优先队列bfs + 状态压缩
不难想到,最小团就是空集,我们可以向这个空集里加点,来找到k小团
具体做法就是用优先队列,把权值小的团出队,为了不重复加点,我们可以记录一下最后几个被加进团的点,这样下次直接从该点之后遍历,这样就可以把所有点都遍历一次了。
用bitset来保存点连接状态可以直接判断该点是否与团的每个点相连
#include <bits/stdc++.h>
#define INF 0x3f3f3f3f
#define full(a, b) memset(a, b, sizeof a)

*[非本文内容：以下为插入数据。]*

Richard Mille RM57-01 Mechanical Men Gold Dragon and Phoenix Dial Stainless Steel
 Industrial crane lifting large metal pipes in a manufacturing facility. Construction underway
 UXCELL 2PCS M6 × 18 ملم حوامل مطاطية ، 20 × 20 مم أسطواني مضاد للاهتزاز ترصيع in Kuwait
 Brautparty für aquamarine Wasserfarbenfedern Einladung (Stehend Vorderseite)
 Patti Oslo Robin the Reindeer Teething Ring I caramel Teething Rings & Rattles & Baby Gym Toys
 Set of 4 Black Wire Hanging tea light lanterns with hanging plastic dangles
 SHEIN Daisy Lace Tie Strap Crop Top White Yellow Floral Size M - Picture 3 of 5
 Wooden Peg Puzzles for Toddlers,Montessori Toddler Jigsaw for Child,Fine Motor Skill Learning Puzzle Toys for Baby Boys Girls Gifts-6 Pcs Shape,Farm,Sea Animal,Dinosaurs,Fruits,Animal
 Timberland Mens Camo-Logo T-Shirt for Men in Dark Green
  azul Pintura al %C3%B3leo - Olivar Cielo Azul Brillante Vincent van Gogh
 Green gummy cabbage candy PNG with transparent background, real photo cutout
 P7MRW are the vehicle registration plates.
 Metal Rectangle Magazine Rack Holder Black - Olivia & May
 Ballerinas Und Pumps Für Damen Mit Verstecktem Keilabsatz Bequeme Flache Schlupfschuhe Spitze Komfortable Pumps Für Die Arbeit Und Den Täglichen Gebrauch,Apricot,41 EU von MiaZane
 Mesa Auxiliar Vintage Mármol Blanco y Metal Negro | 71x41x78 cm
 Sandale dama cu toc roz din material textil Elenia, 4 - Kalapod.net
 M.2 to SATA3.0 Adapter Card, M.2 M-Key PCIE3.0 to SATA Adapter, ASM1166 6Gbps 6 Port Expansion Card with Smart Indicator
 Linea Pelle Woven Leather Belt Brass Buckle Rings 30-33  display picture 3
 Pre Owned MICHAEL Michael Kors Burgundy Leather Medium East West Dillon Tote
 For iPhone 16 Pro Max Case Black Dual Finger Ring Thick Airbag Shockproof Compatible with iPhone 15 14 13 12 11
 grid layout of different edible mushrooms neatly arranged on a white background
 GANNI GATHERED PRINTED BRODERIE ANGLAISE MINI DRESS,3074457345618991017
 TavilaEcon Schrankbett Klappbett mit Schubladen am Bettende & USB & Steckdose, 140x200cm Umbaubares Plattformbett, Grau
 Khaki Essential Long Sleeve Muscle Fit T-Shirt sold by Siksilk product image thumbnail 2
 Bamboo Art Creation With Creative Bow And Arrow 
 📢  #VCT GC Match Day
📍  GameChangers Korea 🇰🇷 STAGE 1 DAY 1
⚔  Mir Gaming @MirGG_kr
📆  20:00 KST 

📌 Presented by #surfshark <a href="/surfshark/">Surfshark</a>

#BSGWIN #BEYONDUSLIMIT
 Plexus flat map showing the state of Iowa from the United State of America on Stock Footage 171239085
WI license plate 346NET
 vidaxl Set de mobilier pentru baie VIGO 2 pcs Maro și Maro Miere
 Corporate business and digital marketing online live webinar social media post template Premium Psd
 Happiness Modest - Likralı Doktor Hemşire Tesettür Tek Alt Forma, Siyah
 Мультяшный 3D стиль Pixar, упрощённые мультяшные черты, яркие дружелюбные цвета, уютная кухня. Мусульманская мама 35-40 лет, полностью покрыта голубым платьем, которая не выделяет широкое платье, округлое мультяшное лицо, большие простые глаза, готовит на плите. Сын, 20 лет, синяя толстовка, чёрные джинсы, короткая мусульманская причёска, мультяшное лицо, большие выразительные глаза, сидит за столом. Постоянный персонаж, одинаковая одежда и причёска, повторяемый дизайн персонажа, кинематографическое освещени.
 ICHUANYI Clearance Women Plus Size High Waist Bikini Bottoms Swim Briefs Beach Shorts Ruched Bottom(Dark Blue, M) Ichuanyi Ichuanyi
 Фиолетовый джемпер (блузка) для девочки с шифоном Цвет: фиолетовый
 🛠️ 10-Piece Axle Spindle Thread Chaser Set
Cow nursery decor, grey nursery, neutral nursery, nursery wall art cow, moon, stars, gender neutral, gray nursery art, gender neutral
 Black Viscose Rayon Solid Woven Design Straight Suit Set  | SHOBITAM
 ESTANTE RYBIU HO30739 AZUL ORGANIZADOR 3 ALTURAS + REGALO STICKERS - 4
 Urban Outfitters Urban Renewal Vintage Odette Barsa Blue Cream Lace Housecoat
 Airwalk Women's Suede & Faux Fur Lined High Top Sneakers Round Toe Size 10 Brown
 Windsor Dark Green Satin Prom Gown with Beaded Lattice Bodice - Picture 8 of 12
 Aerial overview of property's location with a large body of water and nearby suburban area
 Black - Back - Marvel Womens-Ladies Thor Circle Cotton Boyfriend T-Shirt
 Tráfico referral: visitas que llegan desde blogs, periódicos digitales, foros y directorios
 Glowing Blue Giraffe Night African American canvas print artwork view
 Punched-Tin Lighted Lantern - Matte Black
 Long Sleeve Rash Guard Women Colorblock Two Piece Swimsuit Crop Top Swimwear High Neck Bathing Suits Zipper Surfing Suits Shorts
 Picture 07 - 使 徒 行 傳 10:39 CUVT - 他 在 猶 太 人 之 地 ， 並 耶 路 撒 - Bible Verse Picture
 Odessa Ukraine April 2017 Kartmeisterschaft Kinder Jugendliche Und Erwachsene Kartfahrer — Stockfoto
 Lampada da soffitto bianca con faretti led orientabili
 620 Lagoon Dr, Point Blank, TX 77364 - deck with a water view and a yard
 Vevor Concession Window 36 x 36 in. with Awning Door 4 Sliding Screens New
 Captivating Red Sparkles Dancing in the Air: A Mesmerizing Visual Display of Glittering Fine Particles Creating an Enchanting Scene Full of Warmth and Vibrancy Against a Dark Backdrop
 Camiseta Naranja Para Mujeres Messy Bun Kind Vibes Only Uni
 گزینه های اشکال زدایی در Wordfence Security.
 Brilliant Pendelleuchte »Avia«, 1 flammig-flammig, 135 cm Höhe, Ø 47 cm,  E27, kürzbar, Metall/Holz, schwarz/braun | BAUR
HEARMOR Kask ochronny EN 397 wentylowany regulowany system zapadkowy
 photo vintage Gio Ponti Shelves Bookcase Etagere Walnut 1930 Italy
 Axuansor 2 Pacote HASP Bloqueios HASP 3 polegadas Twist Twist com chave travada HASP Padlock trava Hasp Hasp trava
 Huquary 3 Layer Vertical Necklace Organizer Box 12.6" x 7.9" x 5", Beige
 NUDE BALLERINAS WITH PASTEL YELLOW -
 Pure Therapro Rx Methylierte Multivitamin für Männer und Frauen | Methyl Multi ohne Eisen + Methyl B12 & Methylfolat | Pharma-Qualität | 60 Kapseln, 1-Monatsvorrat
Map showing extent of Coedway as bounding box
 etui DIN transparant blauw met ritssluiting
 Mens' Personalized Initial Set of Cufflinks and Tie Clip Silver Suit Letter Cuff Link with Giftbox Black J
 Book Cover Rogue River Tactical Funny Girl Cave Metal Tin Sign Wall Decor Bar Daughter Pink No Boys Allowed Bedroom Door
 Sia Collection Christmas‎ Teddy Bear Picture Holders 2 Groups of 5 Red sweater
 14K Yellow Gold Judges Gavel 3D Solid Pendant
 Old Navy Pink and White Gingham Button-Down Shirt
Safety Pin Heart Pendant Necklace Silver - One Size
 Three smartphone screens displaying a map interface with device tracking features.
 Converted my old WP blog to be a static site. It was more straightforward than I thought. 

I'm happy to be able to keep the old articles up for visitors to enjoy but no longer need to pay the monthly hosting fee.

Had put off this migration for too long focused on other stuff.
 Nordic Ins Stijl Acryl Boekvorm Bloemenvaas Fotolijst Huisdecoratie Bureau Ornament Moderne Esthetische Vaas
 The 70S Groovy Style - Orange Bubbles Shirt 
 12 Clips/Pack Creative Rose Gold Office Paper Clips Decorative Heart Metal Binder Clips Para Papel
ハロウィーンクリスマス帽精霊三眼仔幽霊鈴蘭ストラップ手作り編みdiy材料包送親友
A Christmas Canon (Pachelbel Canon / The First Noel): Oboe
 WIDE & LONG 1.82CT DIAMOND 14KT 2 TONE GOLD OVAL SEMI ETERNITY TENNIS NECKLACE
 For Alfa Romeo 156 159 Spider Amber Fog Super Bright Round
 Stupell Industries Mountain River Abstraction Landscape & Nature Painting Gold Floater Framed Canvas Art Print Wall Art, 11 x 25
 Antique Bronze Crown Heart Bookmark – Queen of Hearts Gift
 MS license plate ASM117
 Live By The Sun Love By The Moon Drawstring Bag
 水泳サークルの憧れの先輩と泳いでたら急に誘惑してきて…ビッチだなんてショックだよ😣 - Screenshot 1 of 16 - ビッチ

#define FAST_IO ios::sync_with_stdio(false), cin.tie(0), cout.tie(0)
using namespace std;
typedef long long LL;
inline int lowbit(int x){ return x & (-x); }
inline int read(){
int ret = 0, w = 0; char ch = 0;
while(!isdigit(ch)){
w |= ch == '-', ch = getchar();
}
while(isdigit(ch)){
ret = (ret << 3) + (ret << 1) + (ch ^ 48);
ch = getchar();
}
return w ? -ret : ret;
}
inline int lcm(int a, int b){ return a / __gcd(a, b) * b; }
template <typename A, typename B, typename C>
inline A fpow(A x, B p, C lyd){
A ans = 1;
for(; p; p >>= 1, x = 1LL * x * x % lyd)if(p & 1)ans = 1LL * x * ans % lyd;
return ans;
}
const int N = 200;
int n, k, val[N];
struct Node{
LL w;
int s;
bitset<105> clique;
bool operator < (const Node &rhs) const {
return w > rhs.w;
}
Node(){}
Node(LL w, int s, bitset<105> clique): w(w), s(s), clique(clique){}
};
bitset<105> e[N];
LL solve(){
priority_queue<Node> pq;
int cnt = 0;
bitset<105> raw;
raw.reset();
pq.push(Node(0, 0, raw));
while(!pq.empty()){
Node cur = pq.top(); pq.pop();
cnt ++;
if(cnt == k) return cur.w;
for(int i = cur.s + 1; i <= n; i ++){
if((e[i] & cur.clique) == cur.clique){
bitset<105> b(cur.clique);
b.set(i, 1);
pq.push(Node(cur.w + val[i], i, b));
}
}
}
return -1;
}
int main(){
n = read(), k = read();
for(int i = 1; i <= n; i ++) val[i] = read();
string s;
for(int i = 1; i <= n; i ++){
cin >> s;
for(int j = 1; j <= n; j ++){
e[i].set(j, s[j - 1] - '0');
}
}
printf("%lld
", solve());
return 0;
}